(Image-backed grounding data)
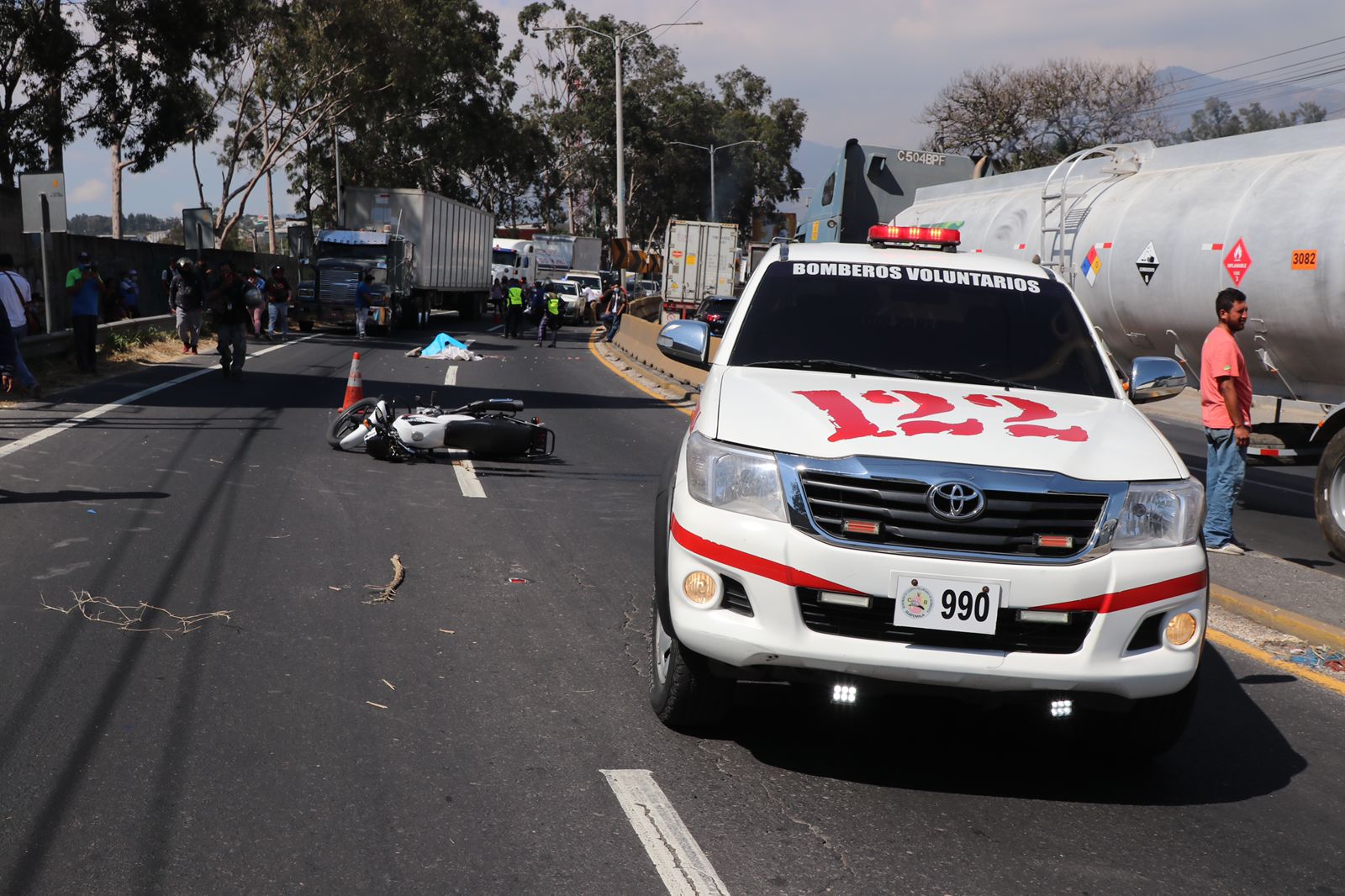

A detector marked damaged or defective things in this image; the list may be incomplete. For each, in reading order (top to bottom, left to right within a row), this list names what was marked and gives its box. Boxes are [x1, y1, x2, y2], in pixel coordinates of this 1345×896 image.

crashed motorcycle [328, 393, 555, 461]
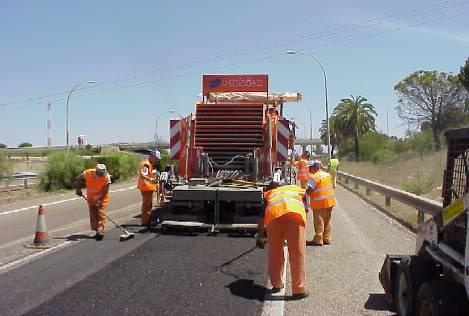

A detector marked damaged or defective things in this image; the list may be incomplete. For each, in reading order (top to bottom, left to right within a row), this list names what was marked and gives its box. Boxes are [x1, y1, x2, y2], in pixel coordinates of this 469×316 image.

dark asphalt patch [26, 232, 266, 316]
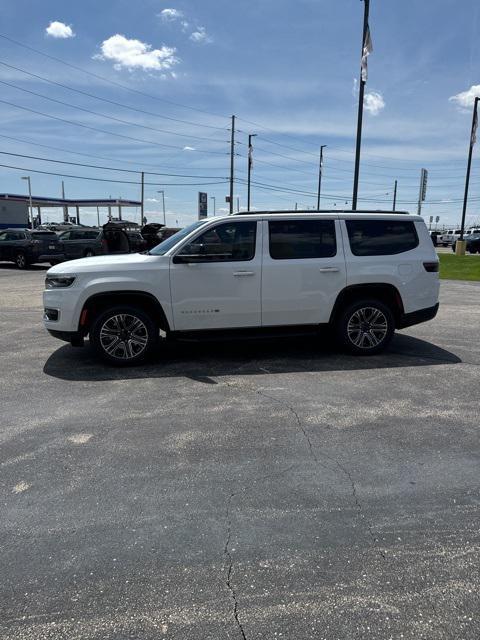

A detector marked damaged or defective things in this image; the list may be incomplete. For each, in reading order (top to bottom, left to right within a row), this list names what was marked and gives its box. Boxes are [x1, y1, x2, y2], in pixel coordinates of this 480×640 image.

cracked pavement [0, 262, 478, 636]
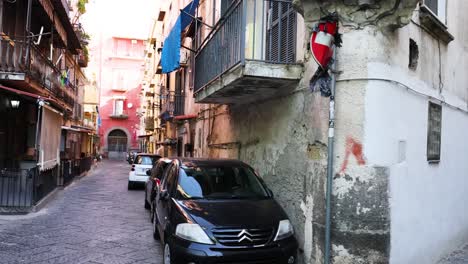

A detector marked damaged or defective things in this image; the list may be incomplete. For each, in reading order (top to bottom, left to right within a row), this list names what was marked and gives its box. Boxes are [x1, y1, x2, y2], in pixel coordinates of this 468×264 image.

rusty balcony [0, 38, 76, 108]
rusty balcony [194, 0, 304, 104]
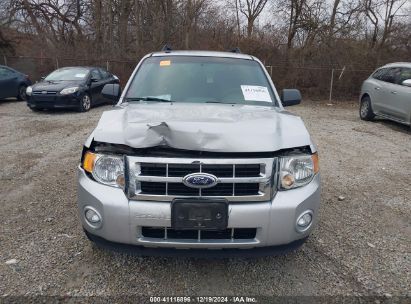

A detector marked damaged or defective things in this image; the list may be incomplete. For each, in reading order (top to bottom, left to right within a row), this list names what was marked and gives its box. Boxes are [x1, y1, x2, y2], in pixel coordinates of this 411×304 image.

crumpled hood [92, 102, 312, 152]
damaged headlight [81, 151, 124, 188]
damaged headlight [278, 154, 320, 190]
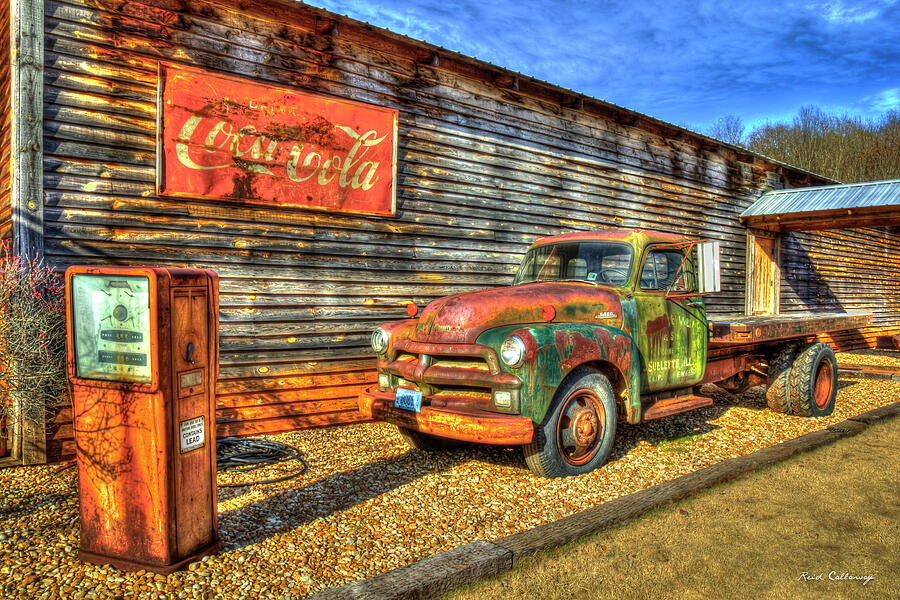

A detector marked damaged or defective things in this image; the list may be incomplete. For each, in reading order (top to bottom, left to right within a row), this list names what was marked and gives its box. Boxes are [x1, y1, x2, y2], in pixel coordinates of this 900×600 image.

corroded metal [156, 61, 400, 219]
rusty vintage truck [356, 230, 868, 478]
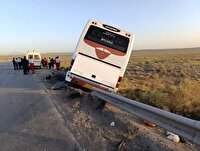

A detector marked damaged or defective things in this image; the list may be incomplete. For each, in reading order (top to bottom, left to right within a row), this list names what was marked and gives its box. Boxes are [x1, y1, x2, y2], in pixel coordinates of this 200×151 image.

crashed bus [65, 19, 134, 91]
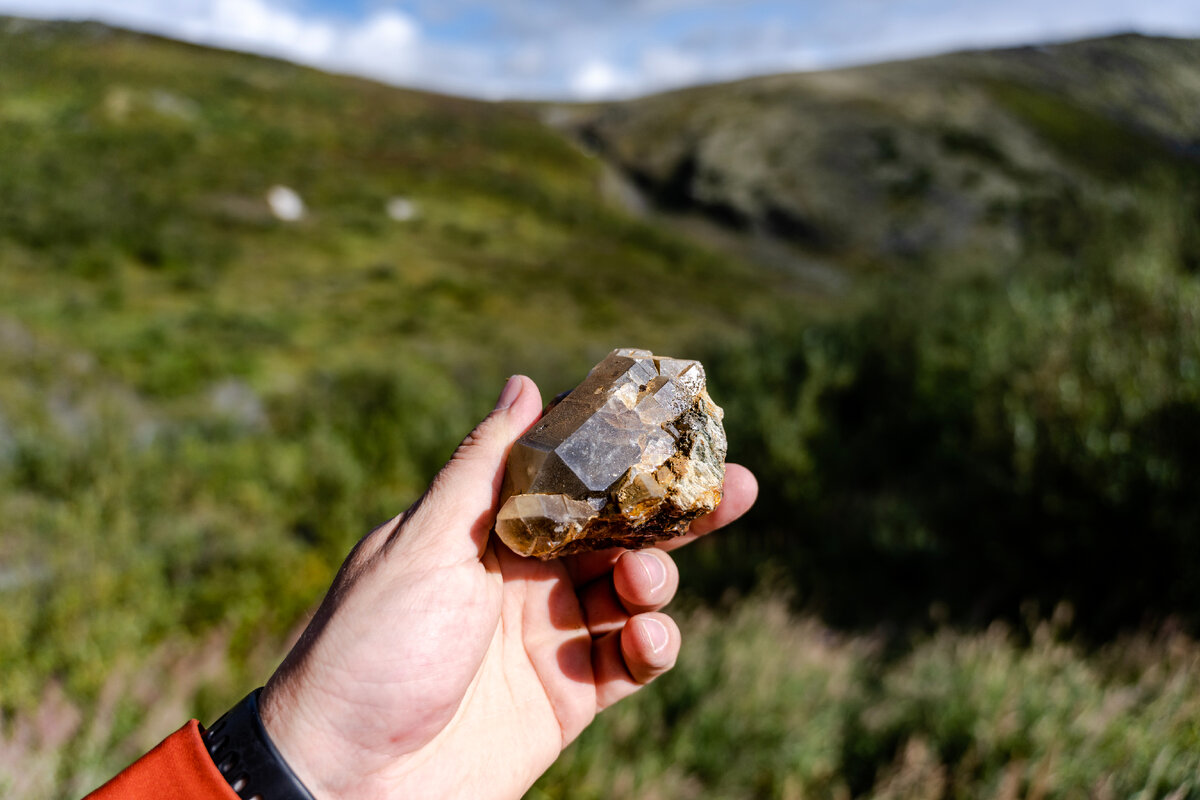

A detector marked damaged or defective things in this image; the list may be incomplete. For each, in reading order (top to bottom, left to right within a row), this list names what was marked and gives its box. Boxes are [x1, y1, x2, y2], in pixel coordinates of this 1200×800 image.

rusty mineral coating [494, 347, 724, 561]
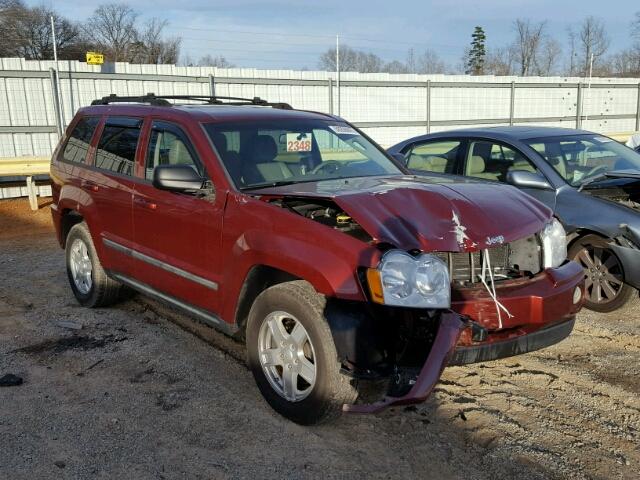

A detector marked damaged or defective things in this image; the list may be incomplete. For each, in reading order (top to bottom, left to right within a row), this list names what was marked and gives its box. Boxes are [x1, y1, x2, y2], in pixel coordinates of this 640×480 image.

crumpled hood [252, 175, 552, 251]
broken headlight [536, 218, 568, 268]
broken headlight [368, 249, 452, 310]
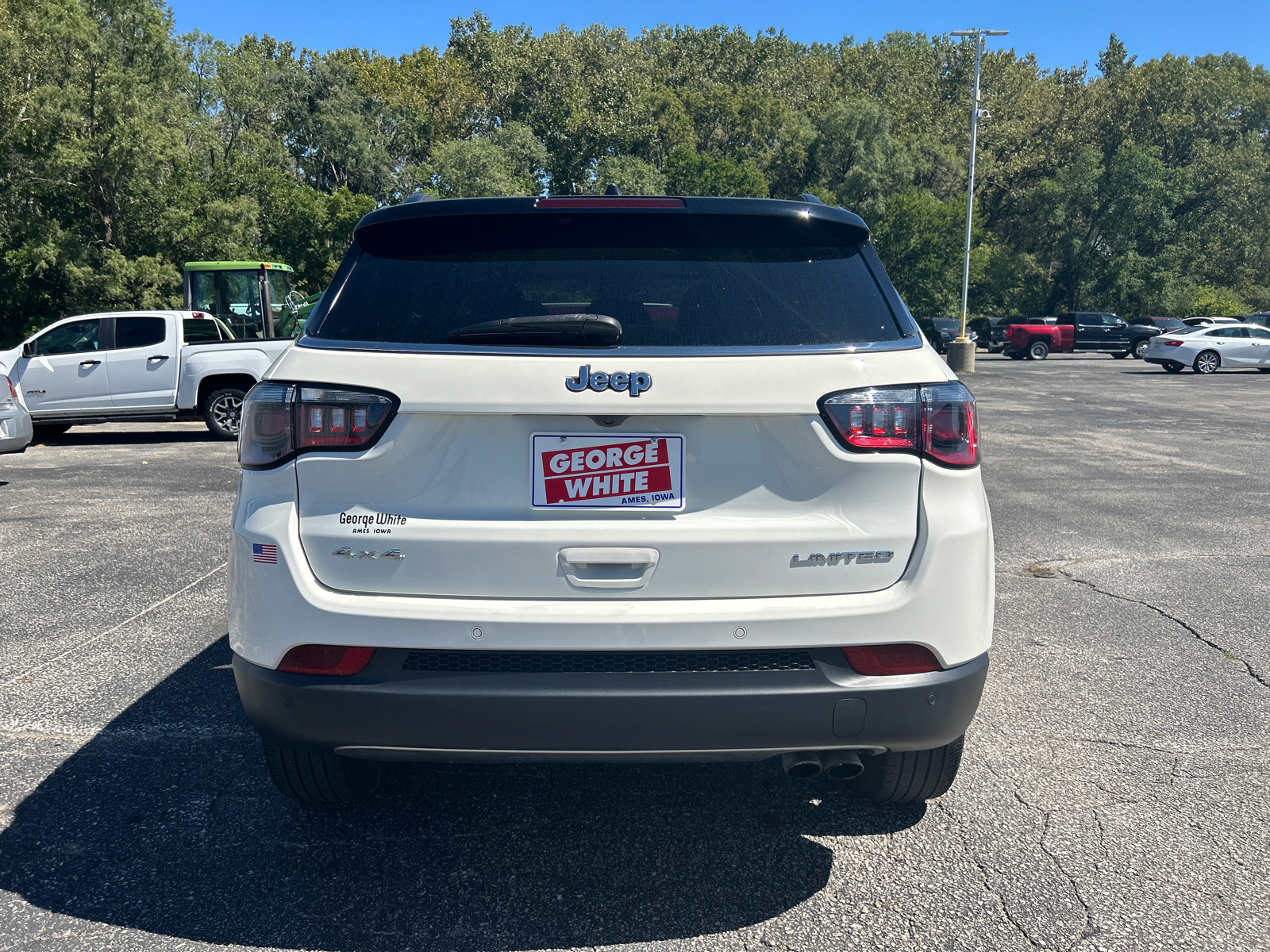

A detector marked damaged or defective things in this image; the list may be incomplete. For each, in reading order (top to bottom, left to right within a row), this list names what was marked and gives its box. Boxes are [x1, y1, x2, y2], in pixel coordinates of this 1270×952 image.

pavement crack [1046, 566, 1264, 695]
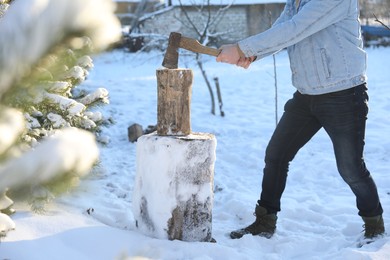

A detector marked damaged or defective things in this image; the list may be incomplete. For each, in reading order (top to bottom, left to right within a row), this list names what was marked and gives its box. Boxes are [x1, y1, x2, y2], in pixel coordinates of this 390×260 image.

rusty axe head [161, 31, 181, 69]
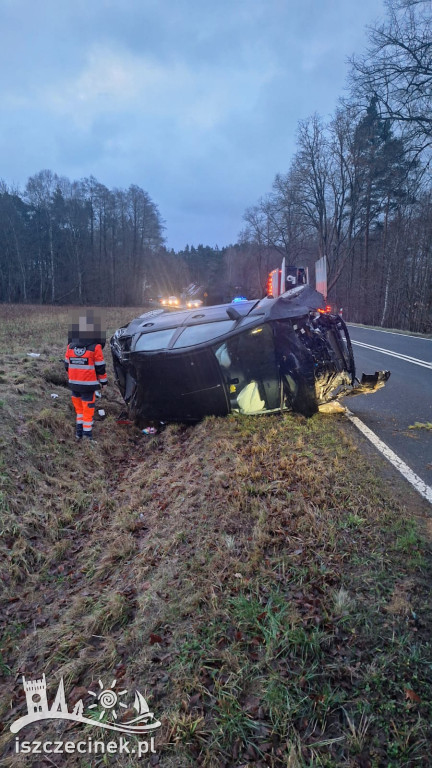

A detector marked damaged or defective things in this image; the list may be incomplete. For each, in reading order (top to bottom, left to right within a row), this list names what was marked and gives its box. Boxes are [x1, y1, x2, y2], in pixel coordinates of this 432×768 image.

shattered window [135, 330, 176, 354]
shattered window [171, 320, 235, 350]
overturned car [109, 284, 390, 424]
damaged car body [109, 284, 390, 424]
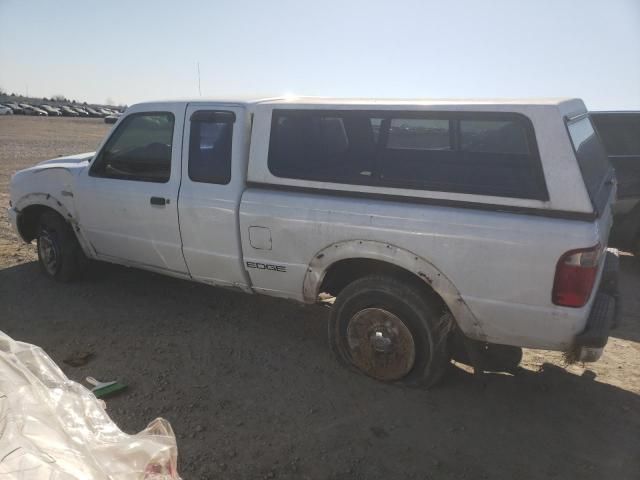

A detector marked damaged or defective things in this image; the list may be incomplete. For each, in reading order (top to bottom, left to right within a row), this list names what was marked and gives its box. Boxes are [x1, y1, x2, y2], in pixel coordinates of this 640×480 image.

rusted wheel well [16, 204, 60, 242]
rusted wheel well [318, 258, 448, 312]
damaged front bumper [572, 249, 616, 362]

WORK ITEM: Restate the data above exactly, stripping out each image.

OUTPUT:
A detector marked damaged or defective things in this image; the list may be incomplete. For each, in reading order (top to bottom, left to right within a row), this list names what was marked and gives its box. Boxes are [x1, y1, x2, y2], in pixel coordinates of this 1345×896 image.

crashed motorcycle [328, 393, 555, 461]

A detector marked damaged or defective things in this image; the list may be incomplete. For each, in reading order (top to bottom, left to right within a row), this list names what was marked and gives its box. Boxes are [x1, y1, x2, y2], in pixel coordinates of this 469×316 image.

dark asphalt patch [26, 232, 266, 316]

A detector marked damaged or defective things in this image; the list may be incomplete. For each, in reading order (top to bottom, left to right within a row), this list names what was marked and gives its box. Boxes are [x1, y1, x2, y2], in pixel coordinates of this 480×640 image.

cracked pavement [0, 262, 478, 636]

A detector marked damaged or defective things in this image; the list may be incomplete. For each, in reading order (top to bottom, left to right within a row), this list names what was marked and gives its box. Boxes are [x1, y1, x2, y2], in pixel coordinates of this 468×264 image.

rusty balcony [0, 38, 76, 108]
rusty balcony [194, 0, 304, 104]

A detector marked damaged or defective things in this image; the list may be incomplete. For each, in reading order (top to bottom, left to right within a row), this list names what was marked and gives its box. Boxes are [x1, y1, x2, y2], in pixel coordinates of this 411×304 image.

crumpled hood [92, 102, 312, 152]
damaged headlight [81, 151, 124, 188]
damaged headlight [278, 154, 320, 190]

A detector marked damaged or defective things in this image; the list may be incomplete. For each, in reading order (top to bottom, left to right within a row), this list names what was marked and gives its box. Boxes are [x1, y1, x2, y2], in pixel coordinates of this 900×600 image.

corroded metal [156, 61, 400, 219]
rusty vintage truck [356, 230, 868, 478]

A detector marked damaged or defective things in this image; the list may be incomplete. For each, in reading order (top to bottom, left to right within a row), this list names what was marked and gives its box. Boxes are [x1, y1, x2, y2], in pixel coordinates of this 200×151 image.

crashed bus [65, 19, 134, 91]

A detector marked damaged or defective things in this image; the list may be incomplete. For each, in reading order (top to bottom, left to right within a row), this list names what was marked and gives its box. Boxes are [x1, y1, x2, y2], in pixel coordinates of this 1200×800 image.

rusty mineral coating [494, 347, 724, 561]

A detector marked damaged or defective things in this image; the list may be incomplete. For each, in reading order (top to bottom, left to right within a row), this list names what was marked and gives its box. Boxes are [x1, y1, x2, y2], in pixel coordinates of this 640×480 image.

crumpled hood [252, 175, 552, 251]
broken headlight [536, 218, 568, 268]
broken headlight [368, 249, 452, 310]

A detector marked damaged or defective things in this image; the list may be incomplete. For each, in reading order (top to bottom, left to right within a row), this list names what was marked and gives its box. Boxes are [x1, y1, x2, y2], in pixel coordinates of this 1270×952 image.

pavement crack [1046, 566, 1264, 695]

A detector marked damaged or defective things in this image; the list may be incomplete. For each, in reading order (top to bottom, left to right within a row), this list names what was marked and gives its box. Boxes are [x1, y1, x2, y2], in pixel coordinates of this 390×260 image.

rusty axe head [161, 31, 181, 69]

A detector marked damaged or defective things in this image; the list may be incomplete. For each, in reading order (top to bottom, left to right within a row), this list names what was marked and gives its box. Boxes are [x1, y1, x2, y2], in pixel coordinates of this 432×768 image.

shattered window [135, 330, 176, 354]
shattered window [171, 320, 235, 350]
overturned car [109, 284, 390, 424]
damaged car body [109, 284, 390, 424]

A detector marked damaged or defective things in this image; the list may be incomplete. For each, in reading order (top to bottom, left to right within a row), this list names what was marked and gives its box. Boxes are [x1, y1, x2, y2], in pixel coordinates of this 640×480 image.

rusted wheel well [16, 204, 60, 242]
rusted wheel well [318, 258, 448, 312]
damaged front bumper [572, 249, 616, 362]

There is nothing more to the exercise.